Ontem, na CNN, repeti que a apreciação pelo reinado e pela pessoa que foi Isabel II não faz de nós menos republicanos. Aliás, nem isso está em causa. Não se trata de defender ou atacar o regime monárquico que um outro país tenha em vigor. A questão monárquica não existe em Portugal. Não vale a pena falar e argumentar sobre um tema que não faz parte do debate político nacional. Nem entrar em explicações sobre princípios que uma monarquia não respeitaria, como o da igualdade ou do mérito. Até porque essas dimensões da igualdade e do mérito são certamente mais evidentes em países como o Reino Unido, a Bélgica ou a Dinamarca do que neste nosso canto da Europa, onde, aqui entre nós, a maior parte dos que hoje detêm algum tipo de poder são descendentes de pais e avós que já eram diplomados universitários numa altura em que quase ninguém o era. Bem vistas as coisas, o mérito e a progressão social são mais fáceis nas terras da defunta Rainha do que por aqui. Não se tem falado ou escrito muito sobre a perpetuação das nossas classes sociais, mas ela existe.
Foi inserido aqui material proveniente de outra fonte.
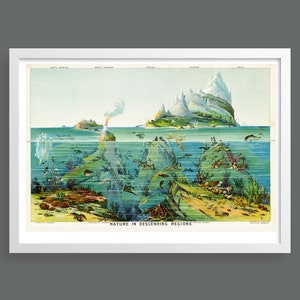Natur in Absteigenden Landschaften von Levi Walter Yaggy | Wissenschaftlicher grafischer Kartendruck | Vintage Wandbild | Alte Landkarte | Lernposter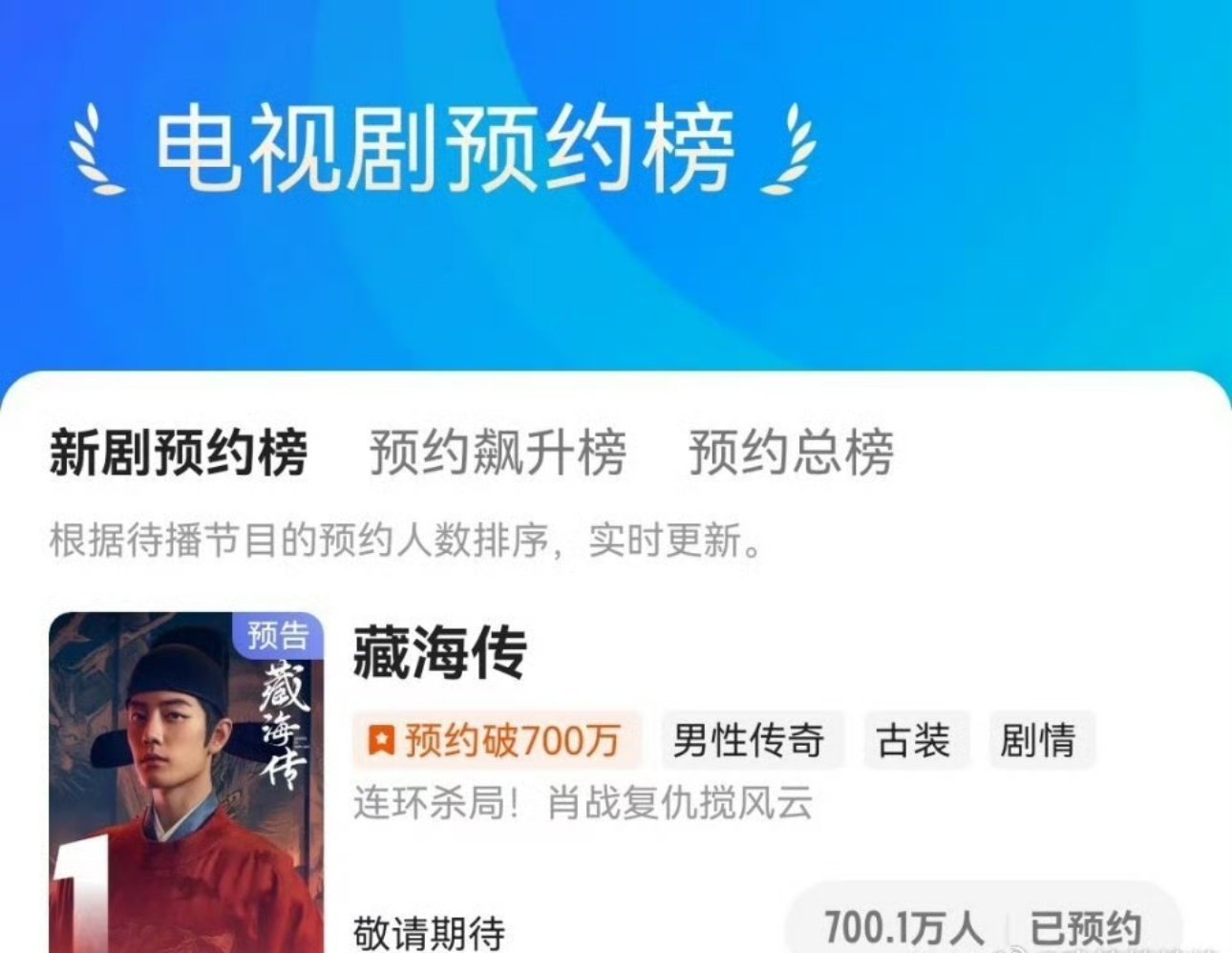 肖战藏海传预约人数破7000000了还得是肖战啊​​​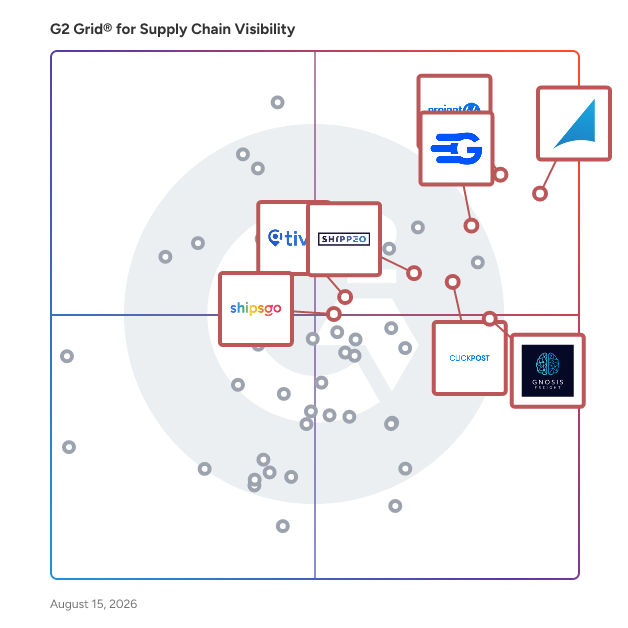 G2 Grid® for Real-Time Visibility in Supply Chain Visibility Software, highlighting the products that define this theme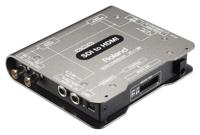Roland Systems Group SDI naar HDMI Video Converter Conversie van video- en audiosignalen van SDI-ingang naar HDMI-uitgang(VC1SH) - thumbnail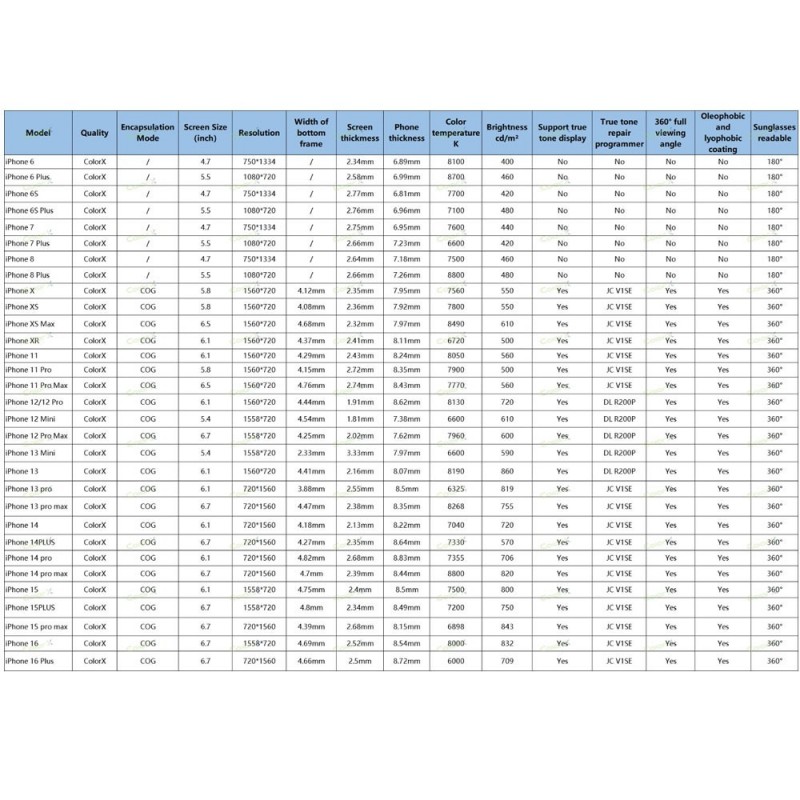 Display LCD COLORX By NCC COG INCELL HD+ Per Apple iPhone 14+ Plus | IC INTERCAMBIABILE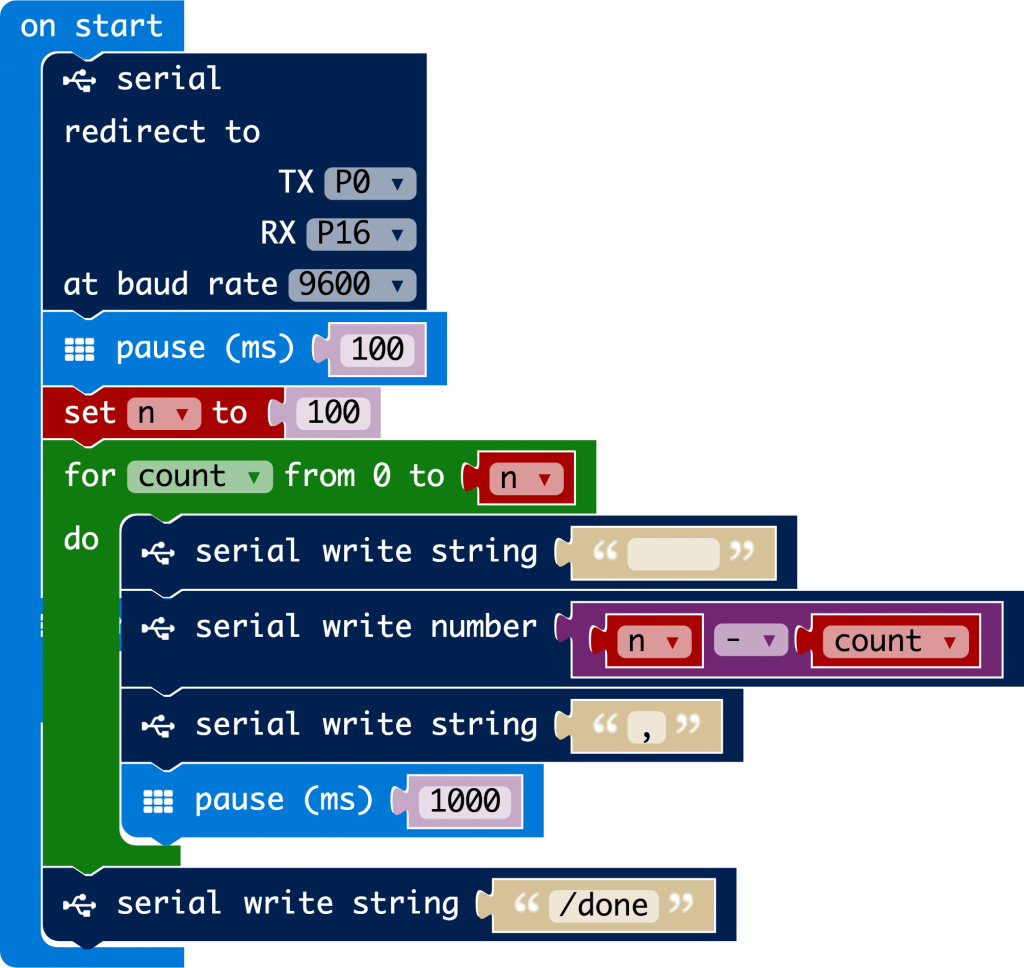 7-segment for micro:bit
É aí que deveria estar centrado o debate, e não sobre a forma monárquica de poder que não interessa a ninguém, com excepção de meia dúzia de excêntricos.
Por aqui, a demagogia e a asneira gostam muito de passear juntas. Desta vez, o motivo tem que ver com as condecorações atribuídas pela Presidência da República, no quadro das ordens nacionais. Alguma comunicação social e certos utilizadores das plataformas cibernéticas têm escrito trinta por uma linha sobre essas comendas e mesmo proposto que fossem abolidas.
A verdade é que todos os países atribuem condecorações a cidadãos que, por um motivo ou outro, se tenham distinguido de modo especial. É verdade que algumas dessas distinções honoríficas têm uma forte matiz político-partidária. O exemplo mais perto de nós é o do Reino Unido, com o gabinete do Primeiro Ministro – uma casa absolutamente partidária – a escolher quem será ou não condecorado. E, mais problemático ainda, com graus em cada ordem, que podem dar direito, ou não, ao enobrecimento do beneficiado. Esse enobrecimento é importante, quer em termos de estatuto social quer ainda de acesso a certas funções no sector privado. Mas o sistema está estabelecido e é aceite como tal, porque no essencial reconhece o mérito das pessoas escolhidas.
Soube-se agora que nos últimos 45 anos foram dispensadas 9477 comendas, pelos diferentes Presidentes portugueses. Considerando que uma parte dos homenageados já deve ter falecido, teremos hoje à volta de um condecorado por cada 2000 cidadãos. Não me parece exagerado.
Também não vejo motivo de escândalo se umas trinta ou quarenta pessoas, do total dos condecorados, acabaram por ter um comportamento que não se coaduna com o reconhecimento público que lhes foi dado. Não será por aí que o gato irá às filhoses. Nem isso justifica a demagogia e a asneirada que por aí anda.